But last night Pam held the phone up to Gordon’s ear and I told him, “Hey Gordon, I lost my job. I’m leaving the paper.”
“Well,” he said. “How come?”
“Budget cuts. It’s this bad economy.”
“I hate that for you,” he said.
Gordon had loved Fayetteville, loved coming to visit the town when Eddie was in Airborne school. He’d been so excited when I took the job.
“I bet you wish you were planting tomatoes,” I said.
“I hate that you’re in that sick bed.”
“It’s crazy,” he said.
“I know it is, buddy.”
“I don’t like it much.”
“I know you don’t. I hate that this has happened to you.”
“Me, too,” he said.
“I love you, Gordon.”
Pam took the phone back and we visited some.
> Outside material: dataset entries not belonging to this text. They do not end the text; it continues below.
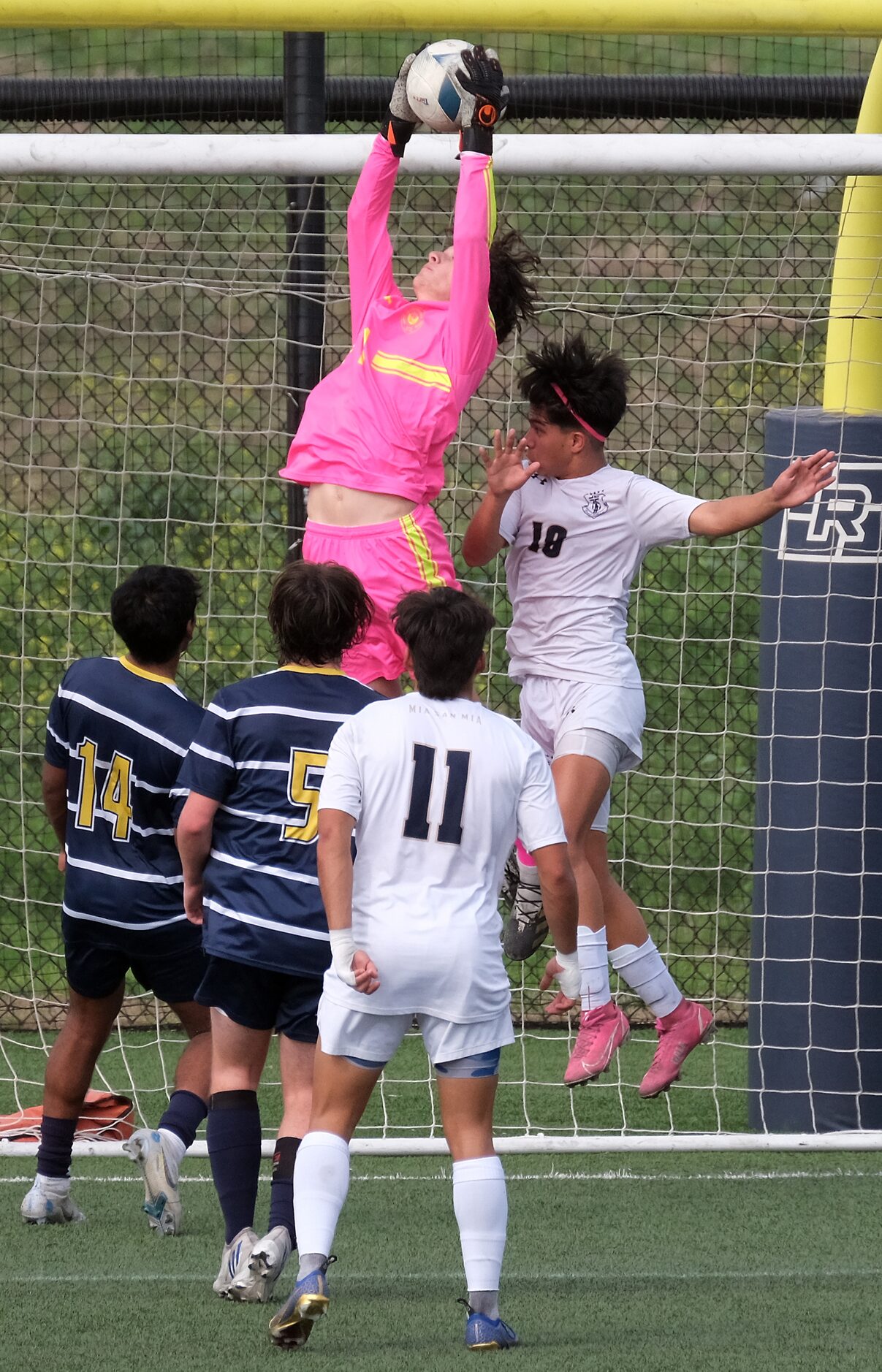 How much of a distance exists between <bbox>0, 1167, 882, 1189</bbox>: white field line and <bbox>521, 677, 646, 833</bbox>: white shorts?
104cm

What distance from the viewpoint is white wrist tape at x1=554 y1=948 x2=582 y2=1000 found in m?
3.68

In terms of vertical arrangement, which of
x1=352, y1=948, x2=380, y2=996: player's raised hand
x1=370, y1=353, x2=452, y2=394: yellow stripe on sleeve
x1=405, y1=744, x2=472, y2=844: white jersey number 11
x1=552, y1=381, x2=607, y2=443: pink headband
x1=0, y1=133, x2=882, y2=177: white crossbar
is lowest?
x1=352, y1=948, x2=380, y2=996: player's raised hand

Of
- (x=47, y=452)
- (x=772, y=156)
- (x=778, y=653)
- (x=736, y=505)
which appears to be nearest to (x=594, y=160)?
(x=772, y=156)

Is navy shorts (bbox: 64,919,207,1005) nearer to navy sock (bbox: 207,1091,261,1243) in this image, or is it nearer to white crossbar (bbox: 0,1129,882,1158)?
navy sock (bbox: 207,1091,261,1243)

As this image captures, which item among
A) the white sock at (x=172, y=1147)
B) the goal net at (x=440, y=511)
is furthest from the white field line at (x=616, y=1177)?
the white sock at (x=172, y=1147)

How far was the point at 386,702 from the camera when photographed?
3607 millimetres

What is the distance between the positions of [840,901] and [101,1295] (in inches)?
109

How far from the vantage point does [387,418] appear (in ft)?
14.9

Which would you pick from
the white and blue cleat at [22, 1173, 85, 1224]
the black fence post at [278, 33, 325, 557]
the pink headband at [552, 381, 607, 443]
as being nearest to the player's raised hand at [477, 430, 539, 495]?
the pink headband at [552, 381, 607, 443]

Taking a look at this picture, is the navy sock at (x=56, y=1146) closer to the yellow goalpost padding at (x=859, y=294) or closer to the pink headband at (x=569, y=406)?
the pink headband at (x=569, y=406)

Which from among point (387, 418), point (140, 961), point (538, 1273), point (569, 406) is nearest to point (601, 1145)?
point (538, 1273)

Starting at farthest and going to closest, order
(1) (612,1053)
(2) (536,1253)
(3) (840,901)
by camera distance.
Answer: (3) (840,901) → (1) (612,1053) → (2) (536,1253)

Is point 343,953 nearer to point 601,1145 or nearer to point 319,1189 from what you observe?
point 319,1189

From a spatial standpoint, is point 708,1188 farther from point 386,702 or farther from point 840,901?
point 386,702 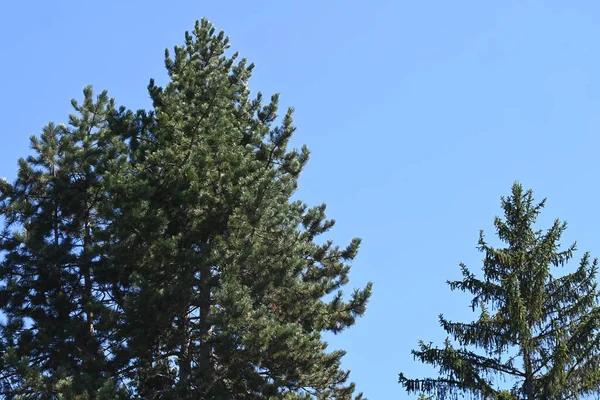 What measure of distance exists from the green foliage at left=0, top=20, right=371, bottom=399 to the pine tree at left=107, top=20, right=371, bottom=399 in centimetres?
4

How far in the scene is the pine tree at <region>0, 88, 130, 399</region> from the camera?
18.7 m

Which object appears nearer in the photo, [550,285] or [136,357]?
[550,285]

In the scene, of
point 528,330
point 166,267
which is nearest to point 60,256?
point 166,267

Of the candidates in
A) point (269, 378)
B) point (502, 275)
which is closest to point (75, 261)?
point (269, 378)

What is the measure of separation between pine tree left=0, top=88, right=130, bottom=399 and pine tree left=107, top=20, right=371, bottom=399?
2.62 feet

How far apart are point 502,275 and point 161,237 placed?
24.0 ft

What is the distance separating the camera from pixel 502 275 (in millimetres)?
17266

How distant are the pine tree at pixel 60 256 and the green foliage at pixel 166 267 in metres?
0.03

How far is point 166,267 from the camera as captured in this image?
19281mm

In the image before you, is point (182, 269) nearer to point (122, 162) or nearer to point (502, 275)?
point (122, 162)

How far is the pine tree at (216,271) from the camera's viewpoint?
1770cm

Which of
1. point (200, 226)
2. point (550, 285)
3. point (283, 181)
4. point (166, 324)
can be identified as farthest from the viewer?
point (283, 181)

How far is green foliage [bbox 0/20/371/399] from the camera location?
1783 centimetres

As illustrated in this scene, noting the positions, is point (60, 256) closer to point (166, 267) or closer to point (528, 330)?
point (166, 267)
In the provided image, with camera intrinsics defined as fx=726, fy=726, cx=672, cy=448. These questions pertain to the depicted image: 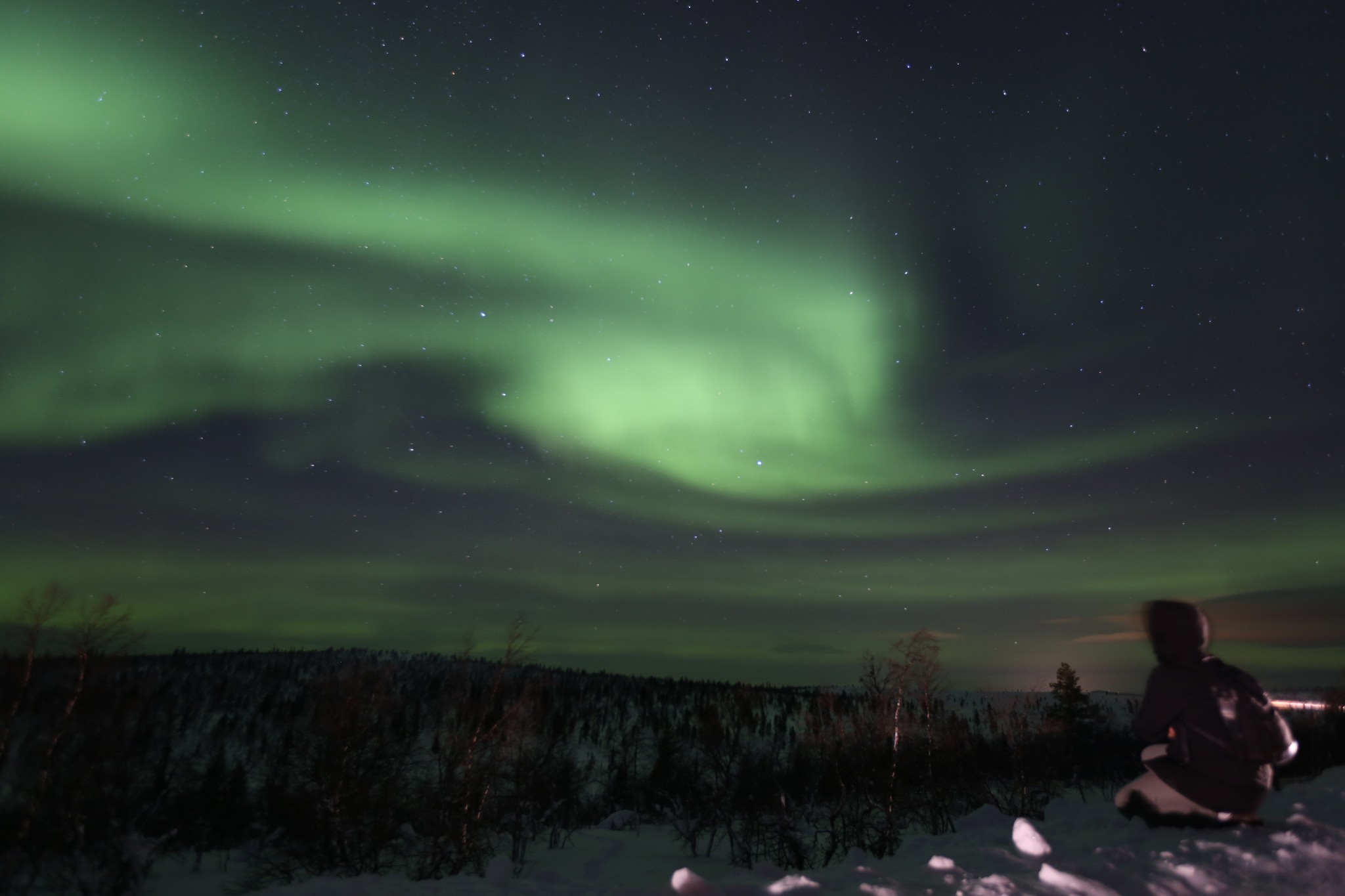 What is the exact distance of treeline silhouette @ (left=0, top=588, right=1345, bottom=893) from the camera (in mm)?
25312

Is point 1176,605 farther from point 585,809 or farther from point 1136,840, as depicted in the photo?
point 585,809

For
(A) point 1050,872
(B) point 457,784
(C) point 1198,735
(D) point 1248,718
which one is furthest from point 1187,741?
(B) point 457,784

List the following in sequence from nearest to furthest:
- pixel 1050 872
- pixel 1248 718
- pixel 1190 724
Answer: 1. pixel 1050 872
2. pixel 1248 718
3. pixel 1190 724

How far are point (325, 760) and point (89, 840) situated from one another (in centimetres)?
1575

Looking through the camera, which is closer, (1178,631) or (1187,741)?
(1187,741)

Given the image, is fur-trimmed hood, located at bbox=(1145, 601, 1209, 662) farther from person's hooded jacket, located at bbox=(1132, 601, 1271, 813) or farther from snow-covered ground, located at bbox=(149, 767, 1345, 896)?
snow-covered ground, located at bbox=(149, 767, 1345, 896)

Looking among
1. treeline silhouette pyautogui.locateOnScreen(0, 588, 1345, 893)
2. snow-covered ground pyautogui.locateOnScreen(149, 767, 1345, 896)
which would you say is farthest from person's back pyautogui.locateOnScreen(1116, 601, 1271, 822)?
treeline silhouette pyautogui.locateOnScreen(0, 588, 1345, 893)

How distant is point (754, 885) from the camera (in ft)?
17.7

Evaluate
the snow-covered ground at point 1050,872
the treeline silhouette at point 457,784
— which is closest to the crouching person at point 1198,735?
the snow-covered ground at point 1050,872

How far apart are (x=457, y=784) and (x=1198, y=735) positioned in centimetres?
4716

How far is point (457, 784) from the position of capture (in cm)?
4684

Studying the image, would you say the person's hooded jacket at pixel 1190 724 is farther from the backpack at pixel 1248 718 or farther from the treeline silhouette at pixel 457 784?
the treeline silhouette at pixel 457 784

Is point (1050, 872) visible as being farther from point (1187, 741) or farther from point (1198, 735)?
point (1198, 735)

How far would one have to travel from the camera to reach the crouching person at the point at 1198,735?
25.7 feet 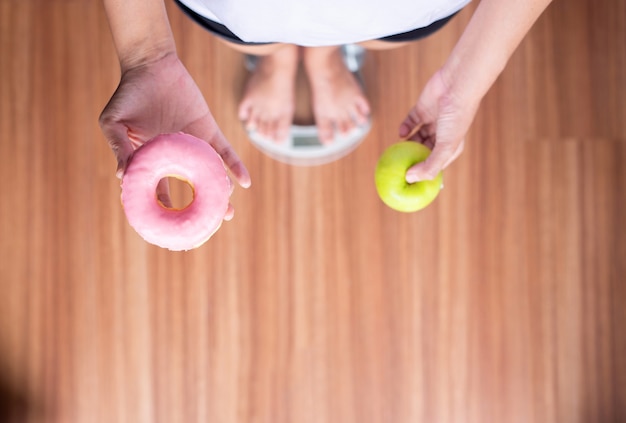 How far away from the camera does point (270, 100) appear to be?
1.08 m

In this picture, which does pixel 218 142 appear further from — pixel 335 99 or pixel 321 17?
pixel 335 99

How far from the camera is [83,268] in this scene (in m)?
1.12

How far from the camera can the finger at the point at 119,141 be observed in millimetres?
581

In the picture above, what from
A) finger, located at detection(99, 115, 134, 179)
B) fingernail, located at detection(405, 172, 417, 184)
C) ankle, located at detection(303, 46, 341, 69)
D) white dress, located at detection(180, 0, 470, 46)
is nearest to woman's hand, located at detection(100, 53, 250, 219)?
finger, located at detection(99, 115, 134, 179)

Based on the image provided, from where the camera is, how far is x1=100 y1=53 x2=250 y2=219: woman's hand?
0.61 meters

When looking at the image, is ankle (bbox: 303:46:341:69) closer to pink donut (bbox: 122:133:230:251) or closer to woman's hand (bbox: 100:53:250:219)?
woman's hand (bbox: 100:53:250:219)

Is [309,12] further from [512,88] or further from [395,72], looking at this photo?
[512,88]

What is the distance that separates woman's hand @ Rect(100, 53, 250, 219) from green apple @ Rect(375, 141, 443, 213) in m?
0.25

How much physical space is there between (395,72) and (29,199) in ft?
2.49

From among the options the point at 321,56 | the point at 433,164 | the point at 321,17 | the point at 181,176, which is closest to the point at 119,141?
the point at 181,176

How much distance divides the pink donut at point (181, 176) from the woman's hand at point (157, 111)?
45mm

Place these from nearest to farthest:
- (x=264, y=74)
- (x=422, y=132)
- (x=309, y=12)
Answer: (x=309, y=12) < (x=422, y=132) < (x=264, y=74)

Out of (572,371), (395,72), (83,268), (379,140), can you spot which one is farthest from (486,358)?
(83,268)

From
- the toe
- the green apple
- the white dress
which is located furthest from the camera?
the toe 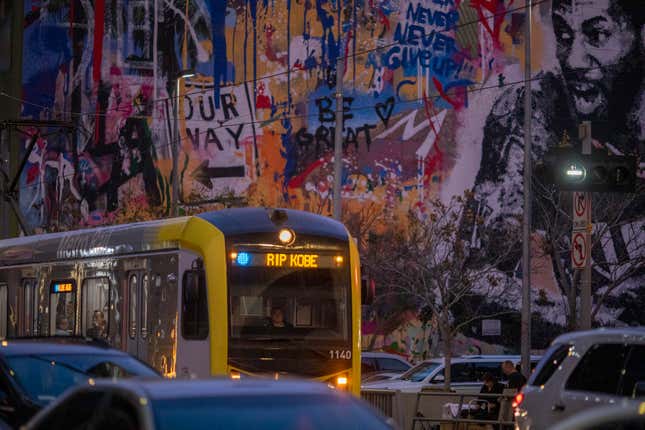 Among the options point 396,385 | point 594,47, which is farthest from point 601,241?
point 396,385

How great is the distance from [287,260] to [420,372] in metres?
13.6

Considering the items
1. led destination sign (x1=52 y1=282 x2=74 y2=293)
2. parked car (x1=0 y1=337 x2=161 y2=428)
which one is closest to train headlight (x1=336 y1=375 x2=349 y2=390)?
led destination sign (x1=52 y1=282 x2=74 y2=293)

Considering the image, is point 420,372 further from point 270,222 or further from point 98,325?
point 270,222

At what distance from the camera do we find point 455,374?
31500mm

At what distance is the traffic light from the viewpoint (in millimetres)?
19000

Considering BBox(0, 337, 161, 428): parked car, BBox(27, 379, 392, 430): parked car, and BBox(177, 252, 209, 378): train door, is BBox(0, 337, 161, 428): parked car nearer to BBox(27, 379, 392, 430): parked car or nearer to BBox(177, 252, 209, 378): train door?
BBox(27, 379, 392, 430): parked car

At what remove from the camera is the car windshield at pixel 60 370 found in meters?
12.1

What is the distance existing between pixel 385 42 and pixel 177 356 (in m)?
52.9

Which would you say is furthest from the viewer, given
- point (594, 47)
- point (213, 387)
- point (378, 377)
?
point (594, 47)

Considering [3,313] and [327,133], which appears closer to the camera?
[3,313]

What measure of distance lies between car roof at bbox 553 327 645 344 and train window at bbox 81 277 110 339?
9.42 meters

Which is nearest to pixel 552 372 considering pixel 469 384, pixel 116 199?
pixel 469 384

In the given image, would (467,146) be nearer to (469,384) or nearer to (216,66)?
(216,66)

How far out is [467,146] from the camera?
230ft
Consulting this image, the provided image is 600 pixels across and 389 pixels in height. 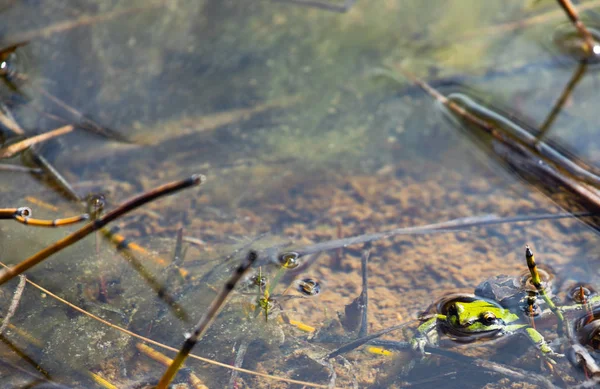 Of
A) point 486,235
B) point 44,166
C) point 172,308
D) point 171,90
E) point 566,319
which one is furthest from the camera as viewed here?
point 171,90

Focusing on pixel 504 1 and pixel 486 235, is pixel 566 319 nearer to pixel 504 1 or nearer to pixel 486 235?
pixel 486 235

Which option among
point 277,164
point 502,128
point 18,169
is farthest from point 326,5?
point 18,169

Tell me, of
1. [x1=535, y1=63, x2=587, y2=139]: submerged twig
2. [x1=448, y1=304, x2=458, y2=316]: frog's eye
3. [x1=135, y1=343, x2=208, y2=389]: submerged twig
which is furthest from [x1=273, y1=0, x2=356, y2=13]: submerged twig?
[x1=135, y1=343, x2=208, y2=389]: submerged twig

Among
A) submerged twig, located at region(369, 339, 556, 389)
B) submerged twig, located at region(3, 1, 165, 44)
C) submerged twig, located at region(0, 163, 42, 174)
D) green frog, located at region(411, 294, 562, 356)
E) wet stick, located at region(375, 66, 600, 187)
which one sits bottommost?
submerged twig, located at region(369, 339, 556, 389)

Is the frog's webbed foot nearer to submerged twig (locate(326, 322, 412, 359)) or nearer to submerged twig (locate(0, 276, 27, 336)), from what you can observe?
submerged twig (locate(326, 322, 412, 359))

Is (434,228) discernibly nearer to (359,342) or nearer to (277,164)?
(359,342)

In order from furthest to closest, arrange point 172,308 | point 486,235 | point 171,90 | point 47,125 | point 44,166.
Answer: point 171,90
point 47,125
point 44,166
point 486,235
point 172,308

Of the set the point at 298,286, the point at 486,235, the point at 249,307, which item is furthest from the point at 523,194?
the point at 249,307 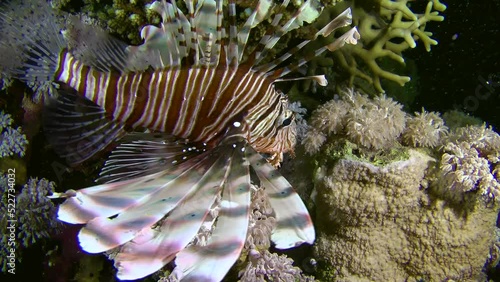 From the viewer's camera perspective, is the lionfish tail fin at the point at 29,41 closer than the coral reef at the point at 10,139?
→ Yes

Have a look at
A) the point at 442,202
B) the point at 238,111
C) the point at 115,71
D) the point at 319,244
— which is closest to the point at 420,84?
the point at 442,202

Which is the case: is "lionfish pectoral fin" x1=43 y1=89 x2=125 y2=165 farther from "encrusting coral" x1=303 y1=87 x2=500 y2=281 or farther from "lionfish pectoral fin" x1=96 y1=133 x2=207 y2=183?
"encrusting coral" x1=303 y1=87 x2=500 y2=281

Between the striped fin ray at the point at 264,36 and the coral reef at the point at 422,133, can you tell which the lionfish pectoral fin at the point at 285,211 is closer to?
the striped fin ray at the point at 264,36

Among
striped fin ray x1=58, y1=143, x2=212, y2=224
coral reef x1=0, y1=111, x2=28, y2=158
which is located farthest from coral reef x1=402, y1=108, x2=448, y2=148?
coral reef x1=0, y1=111, x2=28, y2=158

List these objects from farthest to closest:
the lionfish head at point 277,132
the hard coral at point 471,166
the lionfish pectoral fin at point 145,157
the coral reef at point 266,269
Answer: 1. the hard coral at point 471,166
2. the coral reef at point 266,269
3. the lionfish head at point 277,132
4. the lionfish pectoral fin at point 145,157

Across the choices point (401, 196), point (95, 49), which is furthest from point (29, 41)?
point (401, 196)

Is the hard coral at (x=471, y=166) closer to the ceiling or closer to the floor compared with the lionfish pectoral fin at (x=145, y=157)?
closer to the ceiling

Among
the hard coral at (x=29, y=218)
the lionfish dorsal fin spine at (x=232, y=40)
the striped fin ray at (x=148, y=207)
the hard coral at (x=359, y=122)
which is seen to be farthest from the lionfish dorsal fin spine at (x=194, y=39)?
the hard coral at (x=29, y=218)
We talked about the clarity Gordon was displaying last night.
“If it weren’t so late, I’d call the kids to let them talk to Gordon,” she said.
It’s both a blessing and a curse to have had him be so lucid. A blessing for those of us in the wings, watching, praying, hoping. A curse for him, the knowing of how sick he really is. Just how long that knowing lasts, none of us are sure. He had lucid moments like last night and then drifting moments where he seems far off yonder someplace.
When I was at Gordon’s this weekend, I leaned over the bed and told him about Lucky the chicken. I read to him a chapter from Will Jesus Buy Me a Doublewide? — the story of a man I call the Ambassador. I don’t know if Gordon understood any of the stories or not. He kept his eyes open but he never said a word.
But Pam? She laughed herself silly over both stories.
The things I miss most about Gordon are the stories he used to tell me. The ones that left me breathless from laughing. I have yet to meet a better storyteller than Charles “Flash” Wofford.
I was talking to a friend yesterday about the demise of newspapers. She is one of my most conservative friends. Someone who likely considers journalists part of that liberal biased bunch. I was trying to put into words the value of newspapers and journalists. But words failed me. I could not articulate the value of newspapers to a society.
But I woke this morning with clarity of thought and I knew.
Newspapers are the heartbeat of a community.
They keep track of the pulse of a society.
Right now that pulse is like Gordon’s — strong one minute — but fading fast.
I don’t even want to imagine a world absent that heartbeat.
That world will be filled with a deadly silence.